I'm using ActiveMQ Artemis 2.23.1. I have 3 masters and 3 slaves (all 60GB HD, 60GB RAM). One of my clients is having issues receiving large messages (~100mb).
Test procedure:
The 100 small messages sent correctly, but broker seems to get stuck waiting for large messages which are never received. The 100 small messages sent in step #4 are also never received.
I also noticed that queues like $.artemis.internal.sf.amq-cluster.<id>
have pending messages (the large messages I sent) that don't get consumed even if there is a consumer on them.
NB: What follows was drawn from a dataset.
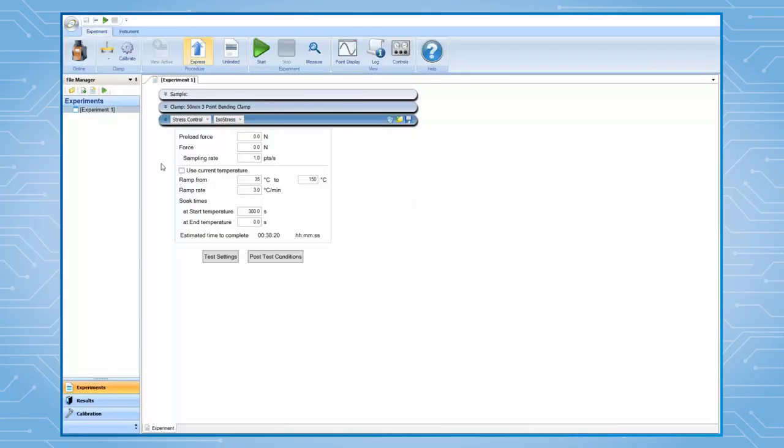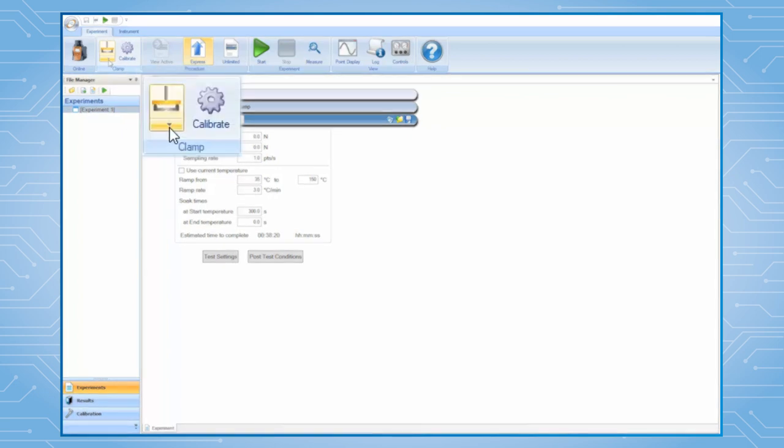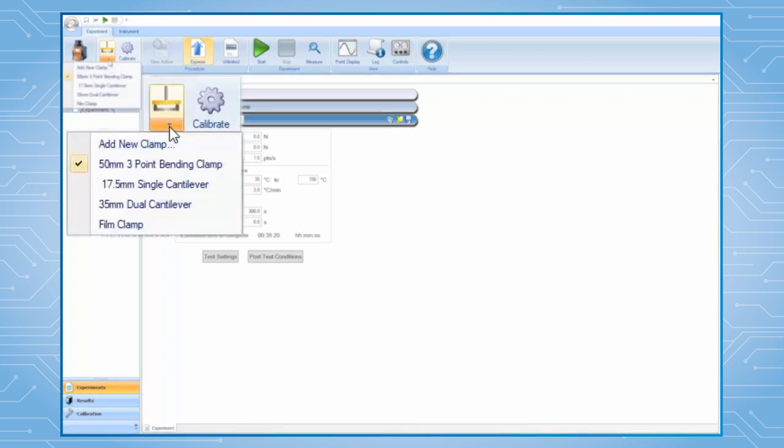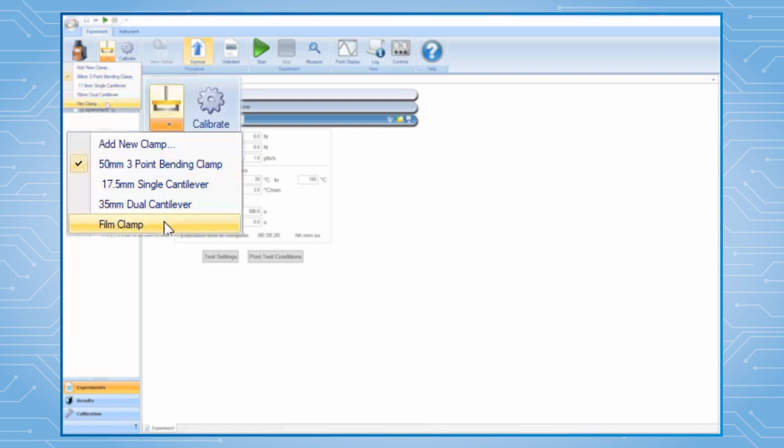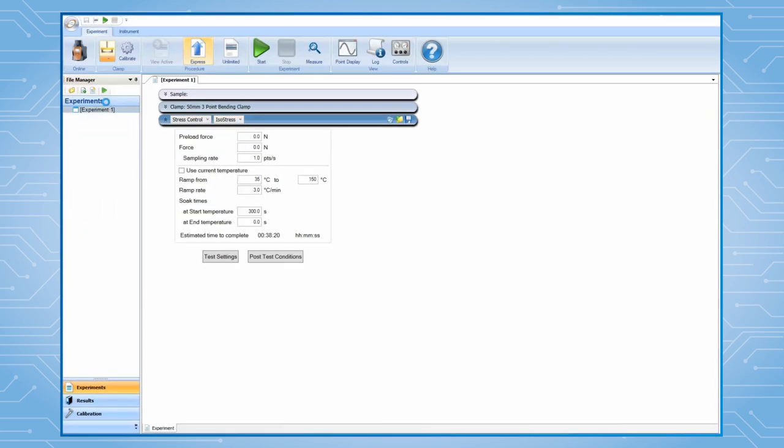Open TRIO Software and connect it to a DMA-850. Under Experiment, click on the arrow under the Clamp icon. Then, from the drop-down list, select the name of the clamp you want to install and calibrate, for example, the tension clamp.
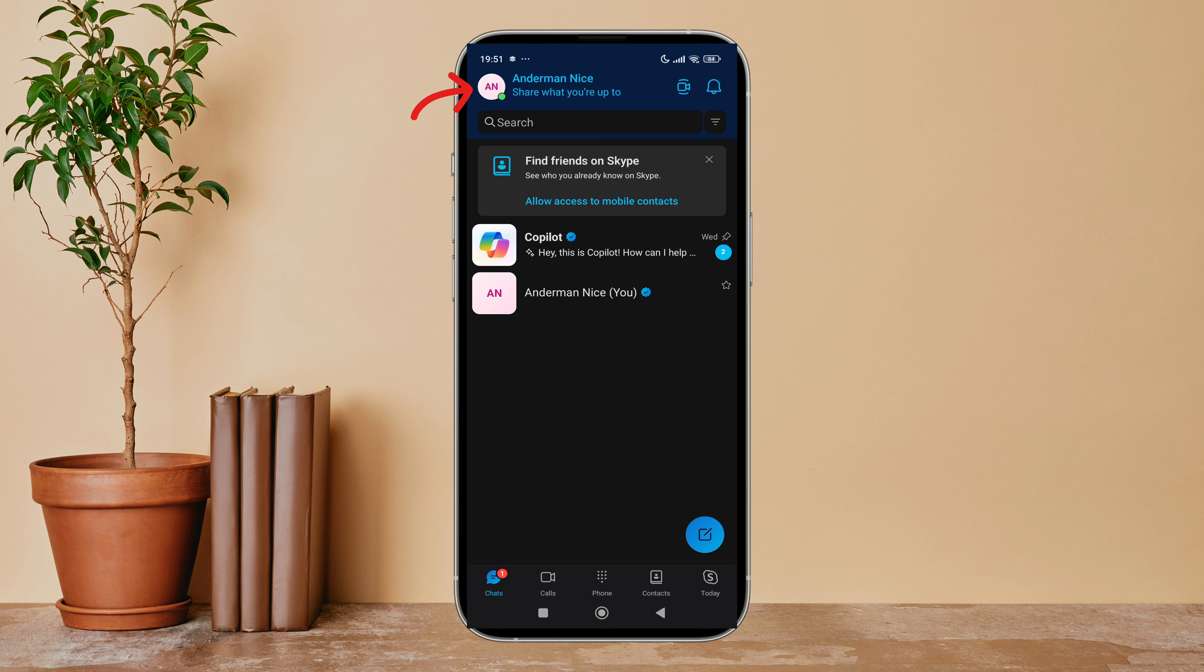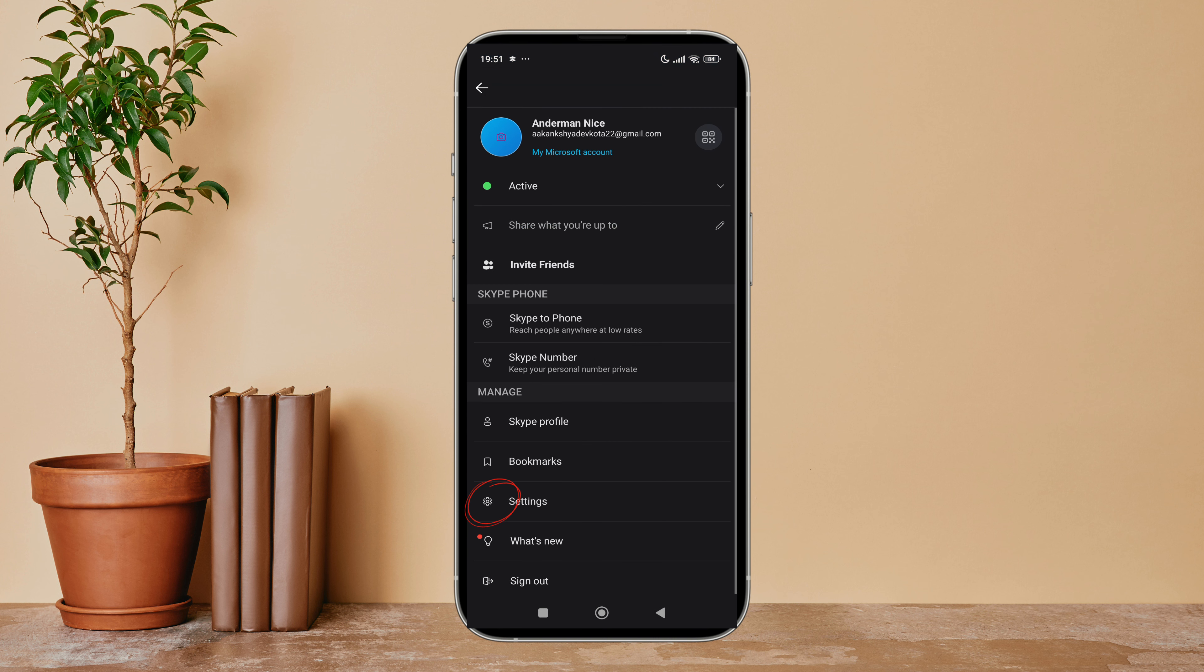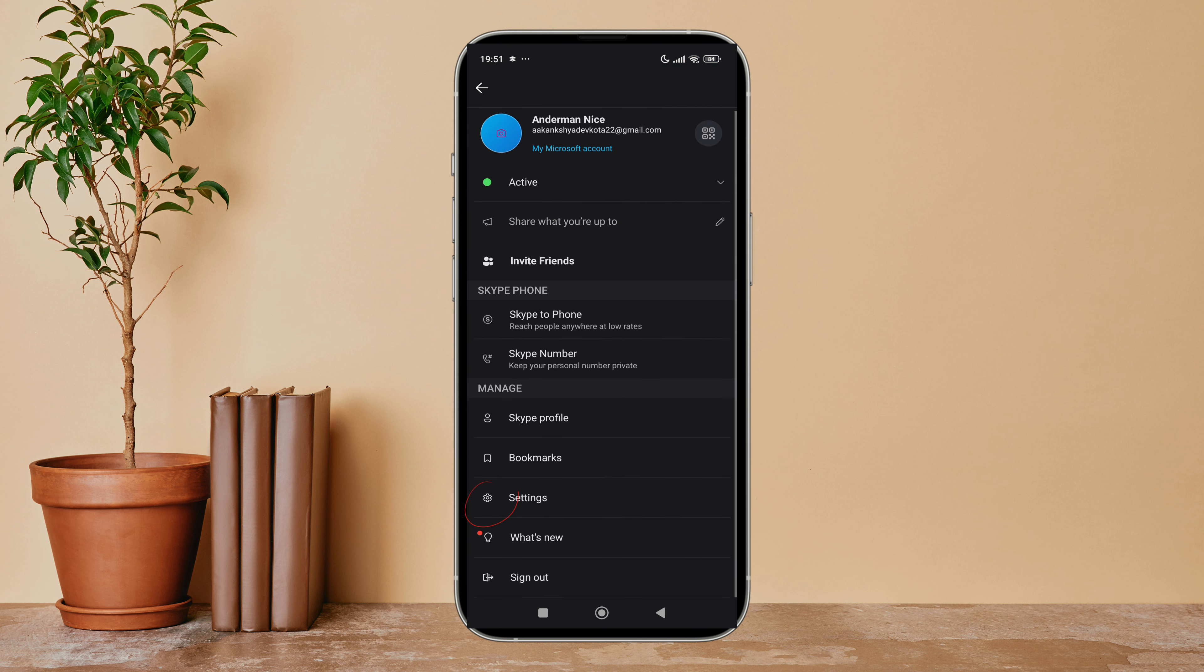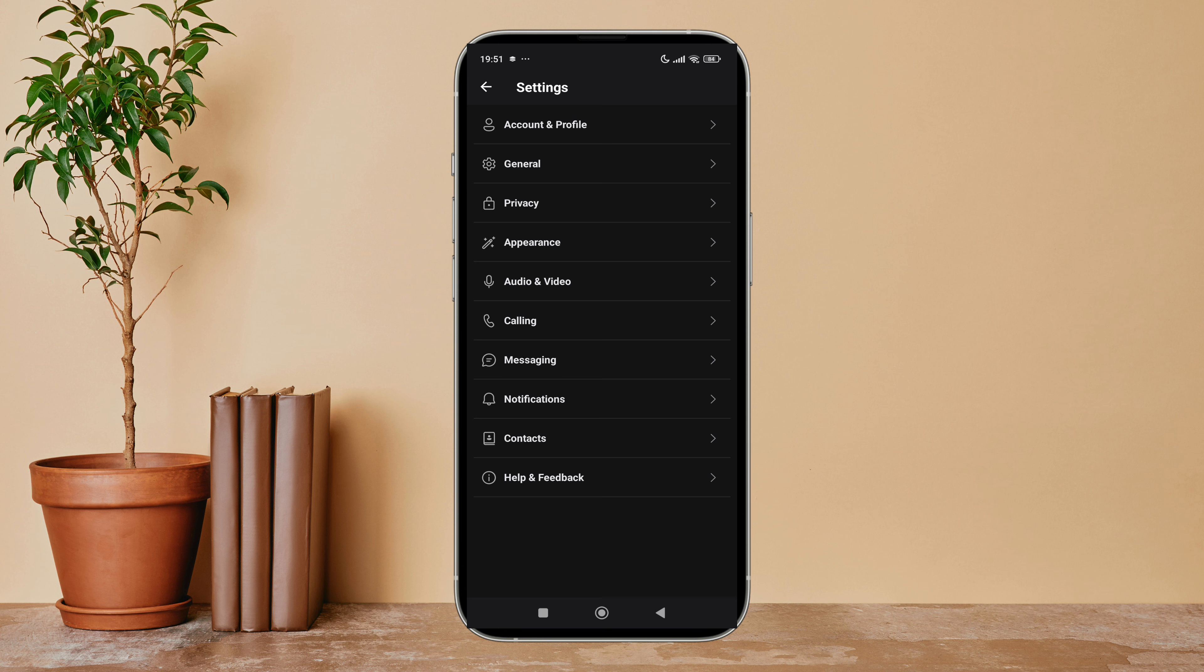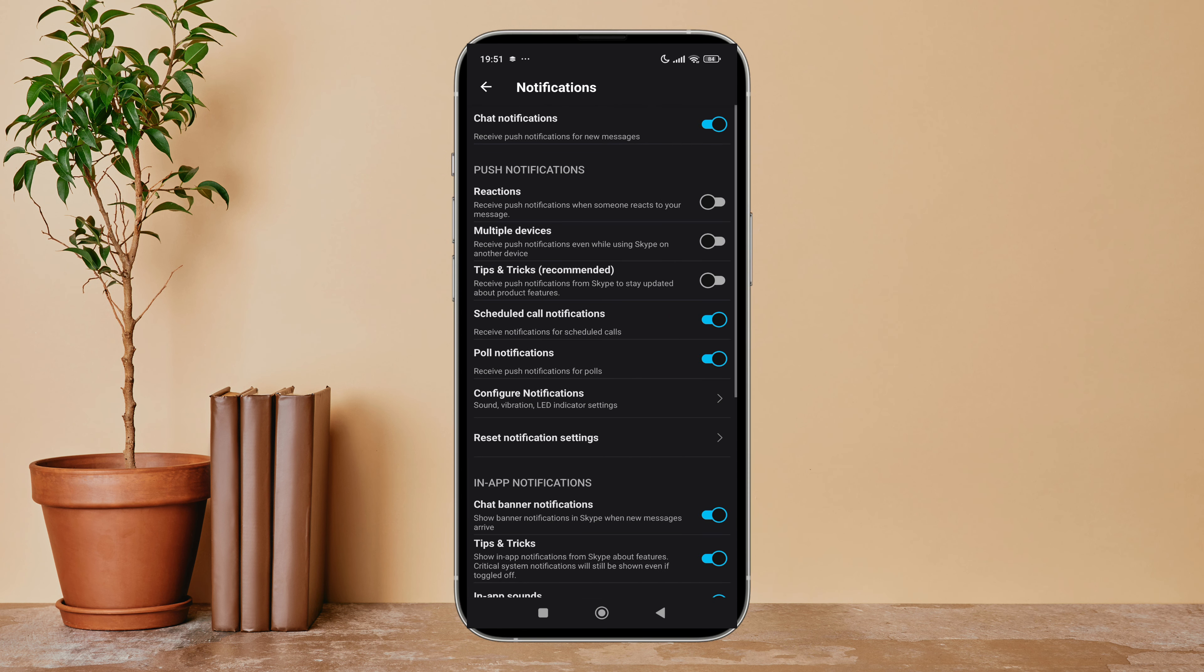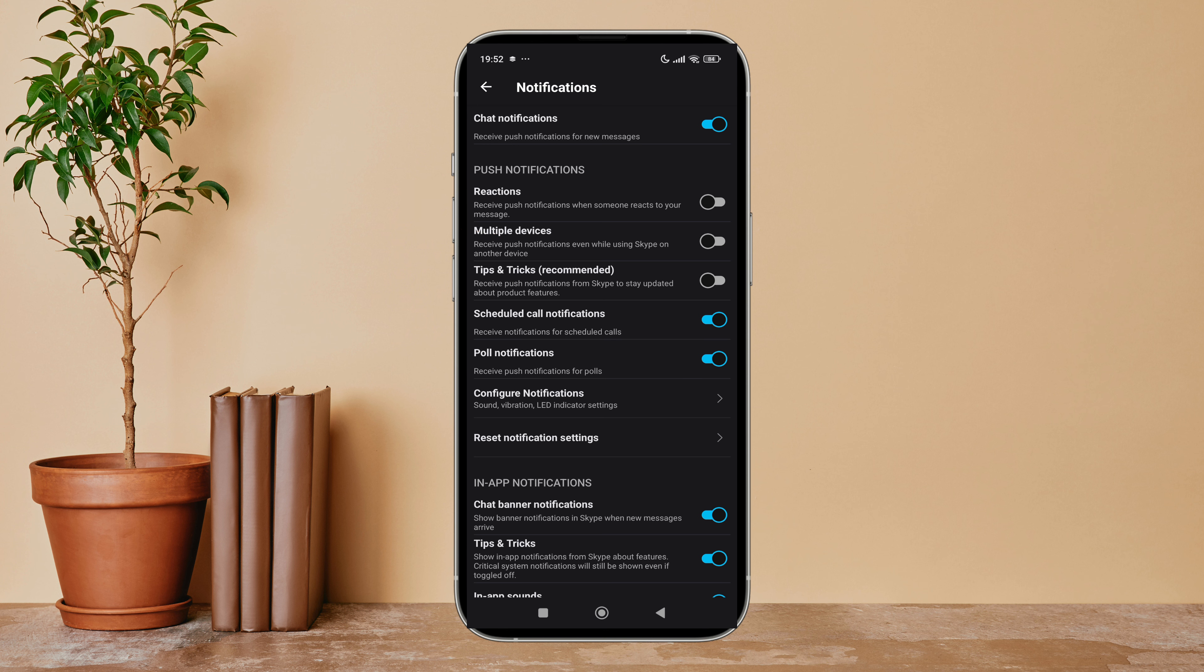Then tap on your profile icon, then tap on Settings. Next, tap on Notifications. After that, you can see the option of Reactions. Turn it on by tapping on it. So this is how you can turn on reaction notifications on Skype.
I was able to reproduce the issue by using the examples in the Artemis sources. I adapted the code of features > clustered > queue-message-redistribution to make it send and receive large message (code from features > standard > large-messages and ran mvn verify
with 2 local embedded servers.
My config files are generated by an ansible script. I wonder if I have forgotten an important property to handle really big messages.
broker.xml
:
<?xml version='1.0'?>
<configuration xmlns="urn:activemq"
xmlns:xsi="http://www.w3.org/2001/XMLSchema-instance"
xmlns:xi="http://www.w3.org/2001/XInclude"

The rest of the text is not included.